Will 36-20 victory over OU silence Mack Brown critics?
Russ Espinoza, 6:15pm, Sat. Oct. 12, 2013
Of Mack Brown’s 154 wins as head coach at The University of Texas, few can eclipse the sweetness of this afternoon’s unfathomable 36-20 Longhorns’ victory over archrival Oklahoma. Texas was a 14-point underdog at kickoff Saturday morning against the No. 12 Sooners and their ninth-ranked defense – the longest odds heaped on the program since 1989.

Ever since Sept. 7’s BYU debacle (which was of course then followed by a home-loss the to No. 25 Ole Miss), UT football fans have raged with debate and conjecture about whether Texas’ woes – which date all the way back to 2010 – are disproportionately the fault of a lame-duck head coach.

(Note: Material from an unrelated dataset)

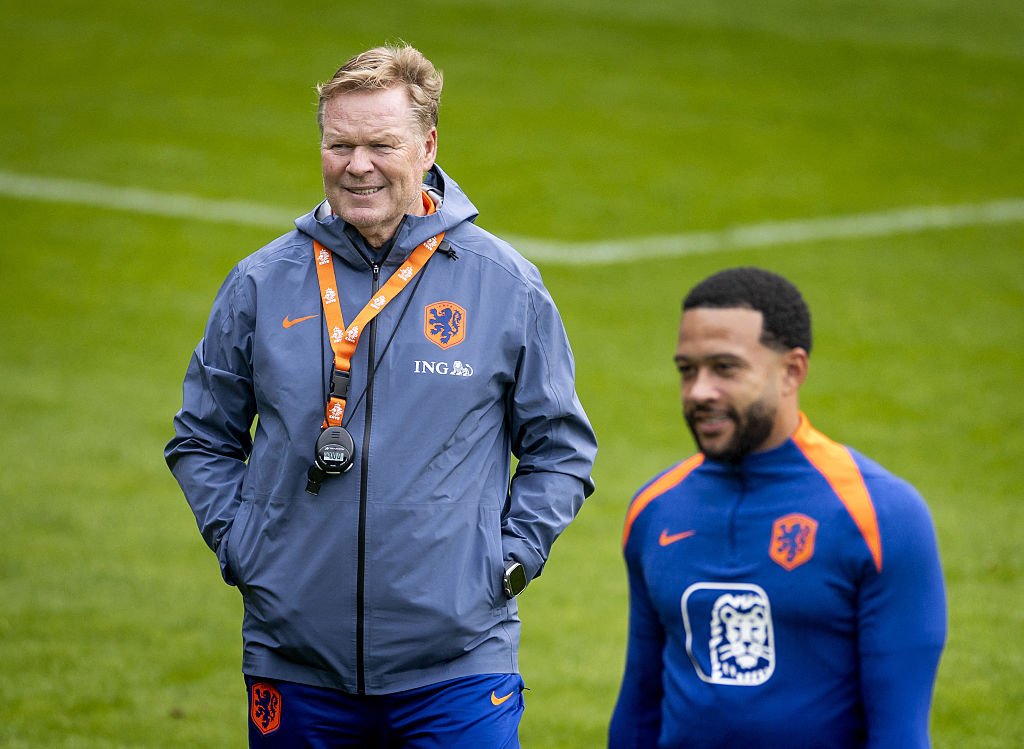 Netherlands coach rates… Netherlands coach rates…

The hearty contingent championing an overhaul that starts with Brown’s termination must feel bittersweet now, that the thrill of getting long-awaited retribution – a major upset, no less – against the reviled Sooners likely buys the source of their frustration more time at the helm. Still, numerous college football analysts from around the country are on record with the opinion that Brown’s a goner at season’s end anyway, what with the upcoming installation of a new athletic director to succeed 32-year veteran, and Brown loyalist, DeLoss Dodds.

Regardless of if Brown stays or goes, suddenly, though, the program’s previously tired mantra that they were serious contenders for the Big 12 title has received an unexpected jolt of credibility. And the Longhorns (4-2, 3-0 Big 12) earned it with a well-rounded Cotton Bowl showing that must’ve surprised even themselves.

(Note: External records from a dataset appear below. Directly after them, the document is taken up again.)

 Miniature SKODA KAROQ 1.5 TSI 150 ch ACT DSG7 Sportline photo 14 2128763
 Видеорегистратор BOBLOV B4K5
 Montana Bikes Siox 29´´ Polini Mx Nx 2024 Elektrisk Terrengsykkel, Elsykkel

Texas supplemented a landmark performance by senior backup starter Case McCoy with two interceptions on defense – including one 31-yard pick-six by nimble defensive tackle Chris Whaley – and a Daje Johnson punt-return for a touchdown in the third quarter to give Texas a 29-13 advantage.

McCoy, one of numerous Texas seniors angling for their first win over Oklahoma, was again a serviceable game manager despite lobbing-short a screen pass to Malcolm Brown that was nabbed and returned for a 55-yard touchdown by OU defensive end Geneo Grissom. Offensive coordinator Major Applewhite broke character and dialed-up some deep plays for his weaker-armed signal-caller, and McCoy put a pair of long touchdowns square in the hands of Marcus Johnson (59-yards) and senior Mike Davis (36-yards).

In a game where everything clicked for Texas, victory is all but assured when a team can run the ball at will and stymie the opposing offense. UT’s 23-10 halftime lead and eventual 36-20 victory featured a host of contributions, but the efficacy of tailbacks Jonathan Gray and Malcolm Brown kept the typically formidable Sooner defense on their heels all day. Together, the pair dashed and smashed for a combined 243 yards on 52 carries and were instrumental in stretching Texas’ time-of-possession (35:15).

Although it feels unfamiliar, we don’t have to worry about the Longhorn defense until further notice. Oklahoma and quarterback Blake Bell were hard-pressed to move the ball with consistency and were stifled on third downs, converting only 2 of 13 attempts. Pretty wild that 263 yards of total offense were all the nation’s 12th ranked team could muster against an oft-maligned rival defense.

Of Texas’ last three games – all wins – two have featured strong defensive showings. Hard to argue at the moment, as some persist in doing, that Greg Robinson is a has-been coordinator akin to a band-aid over a bullet wound.

The Longhorns did the unthinkable today. Now their job is simple until they face a gauntlet of ranked Big 12 teams to end the regular season: Don’t squander this goodwill so quickly.